Unable to reproduce covid results

Question

Unable to reproduce covid results

anihab opened this issue 6 months ago · 2 comments

Hello,

I am trying to reproduce your results on the GUE covid dataset using the same script with the same parameters you've provided on GitHub. However, after multiple attempts I am still unable to reproduce the results reported in the paper. All three models (DNABERT-2, DNABERT-1, NT) are reporting low mcc scores close to 0.
For example, I received the following results when finetuning DNABERT-2 on the covid task:

{"eval_loss": 2.181016683578491, "eval_accuracy": 0.13514397905759162, "eval_f1": 0.09417480427631085, "eval_matthews_correlation": 0.01867806816220235, "eval_precision": 0.10709376616065985, "eval_recall": 0.1250636815111456, "eval_runtime": 20.7597, "eval_samples_per_second": 441.625, "eval_steps_per_second": 13.825, "epoch": 5.0}

Since all of the models are producing such low results I was wondering if there may possibly be an error in the uploaded dataset or the provided scripts for the covid task. Thank you for any help in advanced!
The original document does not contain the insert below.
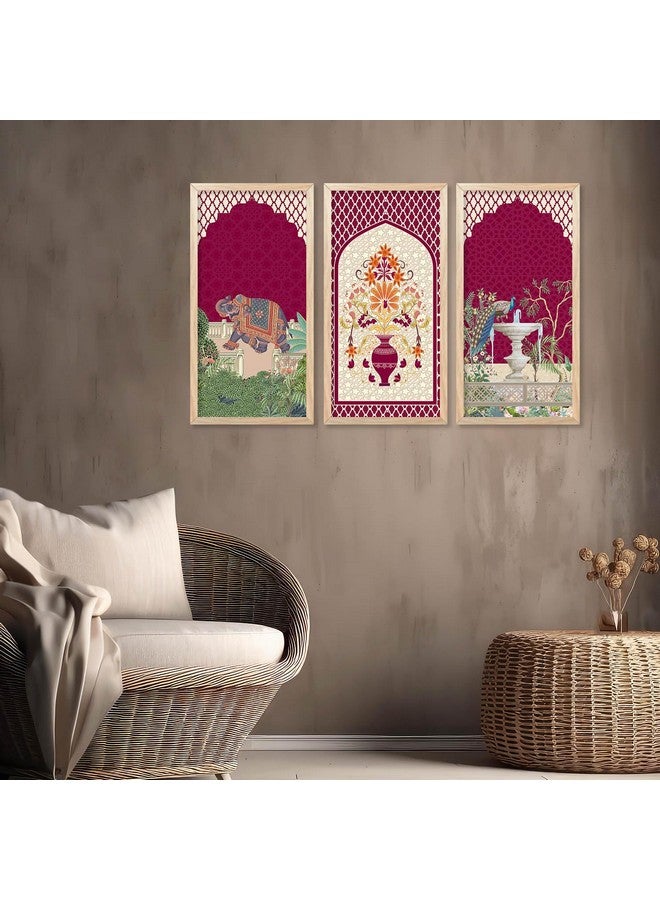 walllane Madhubani Indian Art Wall Décor Paintings | Painting for wall Decoration | Madhubani Art Painting with Frame for Living Room set of 3 (10x19 inch, E) - Image 3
Answer 1 · 2024-07-25T21:20:05.000Z

Thanks for sharing your results here. For this dataset, sometimes the model converges to local minimums at the beginning of model training due to the large difference between DNABERT-2's pretraining data and the evaluation dataset. But you should be able to get a reasonable result by simply using another random seed.

Answer 2 · 2024-11-27T08:34:57.000Z

I got the similar results. In particular, I notice the uploaded dataset of Covid sequence contains illegal characters such as Y and R, while the DNA sequences should be {A,T,G,C}. I suppose this could be the source of the issue.